Signing Ceremony of IDPP for the ASEAN Region

The World’s First Institute on Disability and Public Policy Established

The participation of visually or hearing impaired and physically handicapped people in society is far behind in Japan and in Southeast Asia.

The Nippon Foundation has continued efforts to provide the handicapped people with opportunities of tertiary education with a hope of making them leaders in their own countries.

Steady work has been carried out in the form of a variety of different projects, in different countries. Namely, the establishment of scholarship funds at Gallaudet University, the world’s most distinguished university for the deaf and Rochester Institute of Technology, both in the United States. Also cooperation in the enactment of the [Disability Law] for the improvement and enrichment of deaf education in Vietnam, as well as creating sign language dictionaries in different languages and training human resources in partnership with the Chinese University of Hong Kong.

In recent years, the efforts of all stakeholders have come to bear fruit. In Japan, at long last, cabinet decision was made to acknowledge sign language as official language, and sign language interpretation is now provided at press conferences held at the Prime Minister’s Office. To come to think of it now, perhaps the article I wrote in the Asahi Newspaper on December 2, 2010 suggesting as an issue that “ the Japanese sign language be acknowledged as official language” might have been of some help in realizing the success we have achieved.

Through my long years of fighting a battle to eliminate leprosy and the discrimination that accompanies it, I have always held the conviction that the affected people are the stakeholders and the main actors in this fight. Therefore there was an urgent need to create an organization through which they would be able to place themselves in the frontline of the battle, and, at the same time, a need to nurture able people as resources.

So it is with the issue of people with handicap. In order to solve the problem, their active voice and action are the key factors, and it is absolutely necessary to nurture future leaders from amongst the people with disabilities.

With the great endeavor of Mr. Shuichi Ohno of the Nippon Foundation, a unique institute offering graduate courses has come to be established in Singapore.

According to the United Nation Economic Social Commission for Asia and Pacific, out of the total of 650 million people with disabilities worldwide, 400 million live in the Asia Pacific region where hardly any necessary measures were put into place for their benefit, including even those who have been victims of the Vietnam War and the Cambodian Civil War.

This new institute is a cyber-based organization. The objective of this Institute is to provide an education in public policy so that in the future persons with disabilities themselves would be able to educate talented resources that can play an active role in public policy in each country. It is the world’s first master’s program of public policy for the disabled people in the world. Classes will start in July of this year with the core collaborators who are Mahidol University in Thailand, Rochester Institute of Technology in Rochster, NY, the American University School of International Service in Washington DC, The Lee Kuan Yew (LKY) School of Public Policy at the National University of Singapore, and The National Technical Institute for the Deaf.

The capacity of students is 25. The Nippon Foundation will bear the total cost of travel and tuition for 15 students with disabilities from ASEAN countries.

The ASEAN Secretary-General、Dr.
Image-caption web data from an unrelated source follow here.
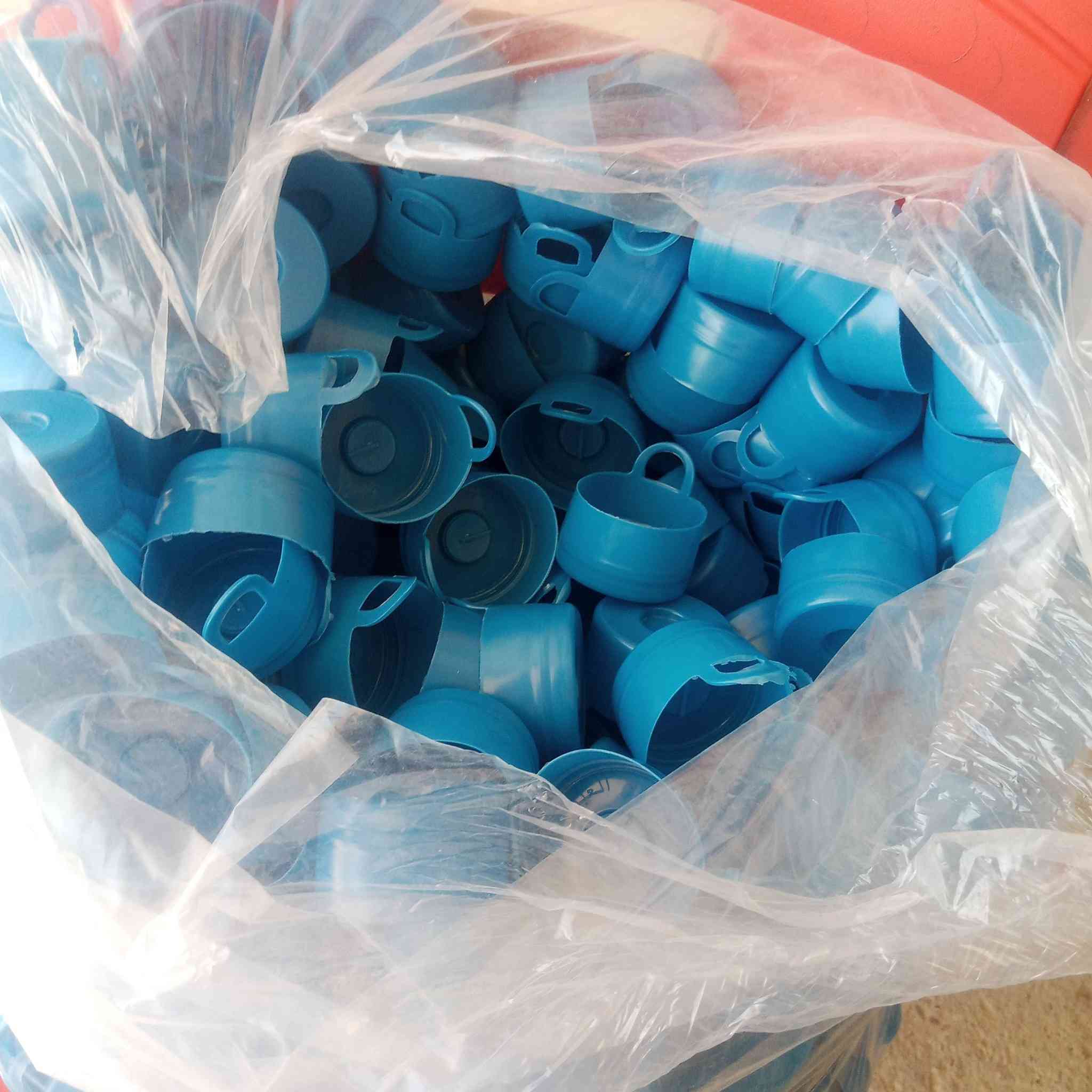 باجر إن شاء الله متوجه للنجف الاشرف امر بطريقي عل دغاره والشاميه واطلع للنجف ورجعتي امر بالحله عندي قبق ومواد غسل وانت سكيل والاسعار الي يريد امر عليه يتصل عليه وبيه خير ويدلل 
واشتري قبق تالف الكيلو ب٤٠٠ 
ومن الله التوفيق 
***********
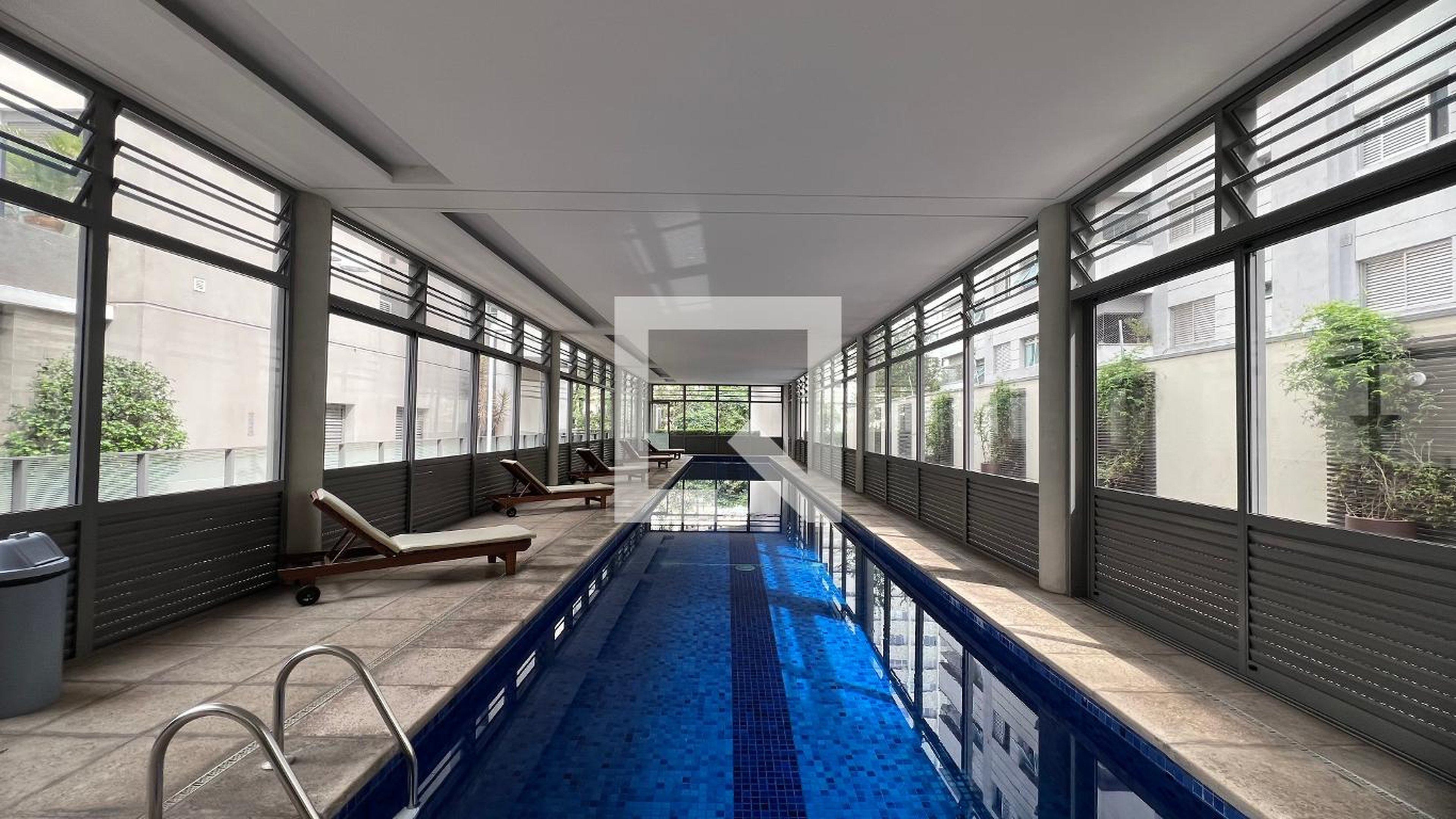 Piscina Coberta - Edifício Arquitetura Pinheiros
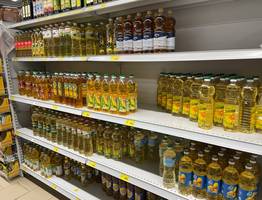 Янтарная жижа в бутылке: это растительное масло точно стоит обходить. Раскрыт черный список Роскачества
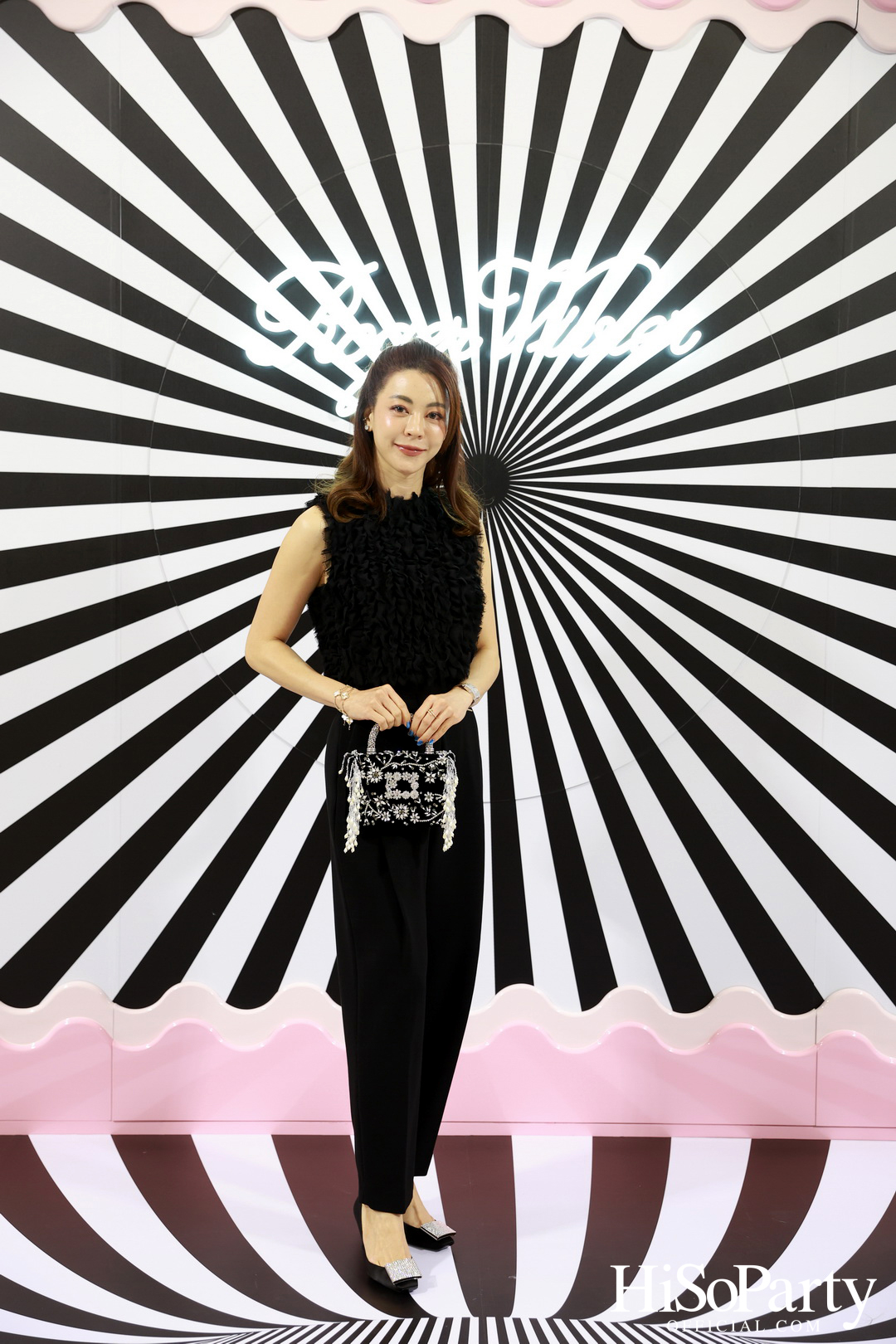 Roger Vivier เปิดตัว VIVIER OP-TICAL POP-UP ในประเทศไทย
Surin Pitsuwan has high expectations for the success of IDPP and we are all committed to dedicating ourselves with passion and hope that it will be instrumental in solving the problems confronting the people with disabilities who are liable to be forgotten in the economic development that Southeast Asia is currently enjoying.

************************************************************


ASEAN IDPP Signing Ceremony Address

April 4, 2011

First of all, I would like to take this opportunity to offer my sincere gratitude for the concerns and support extended by our friends from around the world. Since the great earthquake struck Japan on March 11, we not only received kind words of sympathy but also large sums of donations. These countless heart-warming gestures of support have tremendously encouraged the Japanese people who are desperately trying to recover from the disaster.

To help reconstruct damaged regions of Japan, the Nippon Foundation has launched a disaster relief fund with emphasis on providing assistance to those to whom public support is not easily available, such as the elderly, people with disabilities, foreign citizens and children who have lost their parents. It often happens in state of emergency, like natural disaster, that support inevitably is given first to the majority groups and that attention to minority groups such as people with disabilities are apt to fall behind in time. I believe that it is of critical importance that the people with disabilities themselves be involved actively in the process of drawing up policies that positively impact their way of life. They must be the main actors as they are the ones that know best and are the owners of the issues that need to be solved.

However, in reality, disabled people have very limited opportunity to be involved in policy planning. When we turn our attention to the whole region of Asia, we notice that there are very few individuals with disability who are employed even in the competent government offices.
One of the reasons may be the inadequate level of education of people with disabilities. In the developing regions, where many of the people with disabilities are facing difficulty in receiving even basic education, higher education is often beyond their reach not to mention acquiring master’s degree through tertiary education that allows for achieving highly professional skills and knowledge. This being the reality, it is not rare that best of the handicapped students in the developing countries go overseas for their studies
To address such diversity of problems, the Nippon Foundation thought it necessary to create an educational institute, the Institute on Disability and Public Policy (IDPP) in the ASEAN region which will provide high level of specialized education on public policy to persons with disability, with full support from our joint partners.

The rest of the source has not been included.